Even publications in the field of the sociology of the life course tend to sidestep the adulthood stage. Hunt’s (2005) book The Life Course: A Sociological Introduction offers a very useful discussion of  life course stages (including dying and death), but it shies away from an explicit focus on adulthood. There are chapters on childhood, youth, later life – but not on adulthood. Hunt does discuss adulthood, but in a way that only supports the points I am making here that sociologists do not always ‘see’ adulthood as being as worthy of our attention in the same way as the other life course stages are. What Hunt does is subsume his discussion of adulthood under cover of two chapters, with the titles ‘Relationships, Sexuality and Family Life’ and ‘Work, Consumption and Leisure’. His rationale for doing so is that ‘the theme of adulthood’ (his words) is best approached via a survey of the ‘settings in which adult life is experienced’ (2005: 126). But these are ‘settings’ which are not exclusive to ‘adults’, and so once again, the result is that the social category of adult is left virtually uncontested.

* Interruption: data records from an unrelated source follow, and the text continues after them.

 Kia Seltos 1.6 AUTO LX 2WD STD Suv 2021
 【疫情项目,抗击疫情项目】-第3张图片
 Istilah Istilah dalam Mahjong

Attention has been paid by sociologists to transitions to adulthood in contemporary Western societies, especially in the context of the so-called ‘prolongation’ 0f youth and the ‘deferral’ of adulthood as a consequence of declining youth labour markets, the expansion of higher education and the rising age of family formation. I think this kind of work on transitions to adulthood can be very useful for our understanding of adulthood as a social category. Blatterer (2007) has been at the forefront of arguments that transitions to adulthood are changing under conditions of late modernity. He insists that, rather than morally judging young people as somehow failing to become adults, what we need to recognise is that the standard, normative model of adulthood by which they are measured is out of date. A ‘new’ form of adulthood, suited to the circumstances of late modern societies, is being practised and achieved by young people: they are full participants in society, just not in ways that are recognised by the idealised model of adulthood enjoyed by those who made their transitions during the post-WW2 Golden Age.

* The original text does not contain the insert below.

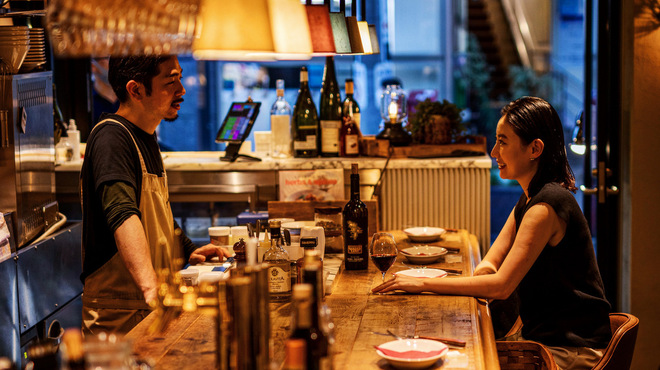 SARU Apero Bistro - メイン写真:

The ‘Inventing Adulthoods’ study by Rachel Thomson and colleagues (Henderson 2007) is an another example of how analysing transitions to adulthood can encourage deeper analytical focus on what it means to be an adult in social terms. The ‘Inventing Adulthoods’ study suggests that young people may not be achieving adulthood in terms of the (out of date) measure of attaining stable economic independence at a fixed point, but they are achieving adulthood in other ways – including ones which are often regarded as anti-social, delinquent or anti-status quo (‘early’ pregnancy, dropping out of education, travelling and working casually as a life style choice, engaging in the grey economy).

Despite this body of work on transitions to adulthood, we still don’t know enough about destinations within adulthood, and how this is changing over time. Even the National Cohort Development Study, which tracks a birth cohort from 1958 to the present, can only tell us about that cohort’s experiences of being adults (NCDS 2012). Sociologically speaking, adulthood continues to be as Graubard (1976) described it decades ago: an undifferentiated catch-all-category about which we are insufficiently informed.

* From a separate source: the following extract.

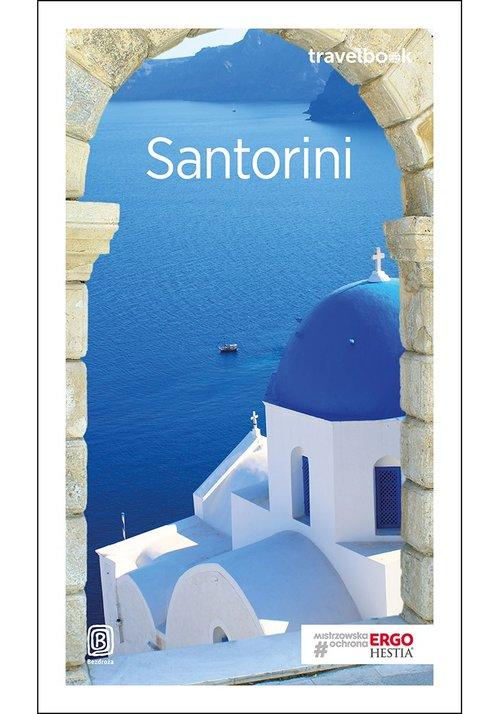 

Santorini Travelbook Agnieszka Zawistowska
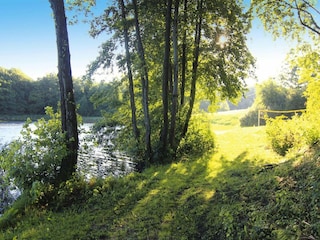 Holiday house Wrechen Environment 18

Blatterer, H. (2007) ‘Contemporary Adulthood: Reconceptualising and Uncontested Category’, Current Sociology 55 (6) : 771-792.

Graubard, S. (1976) ‘Preface’ in Erikson, E. (ed.) Adulthood, New York: WW Norton.

Henderson, S. et al (2007) Inventing Adulthoods, London: Sage.

Hunt, S. (2005) The Life Course: A Sociological Introduction, Basingstoke: Palgrave.

NCDS (2012) ‘Guide to the National Child Development Study’ , http://www.esds.ac.uk/longitudinal/access/ncds/l33004.asp

Pilcher, J. (1995) Age and Generation in Modern Britain, Oxford: Oxford University Press.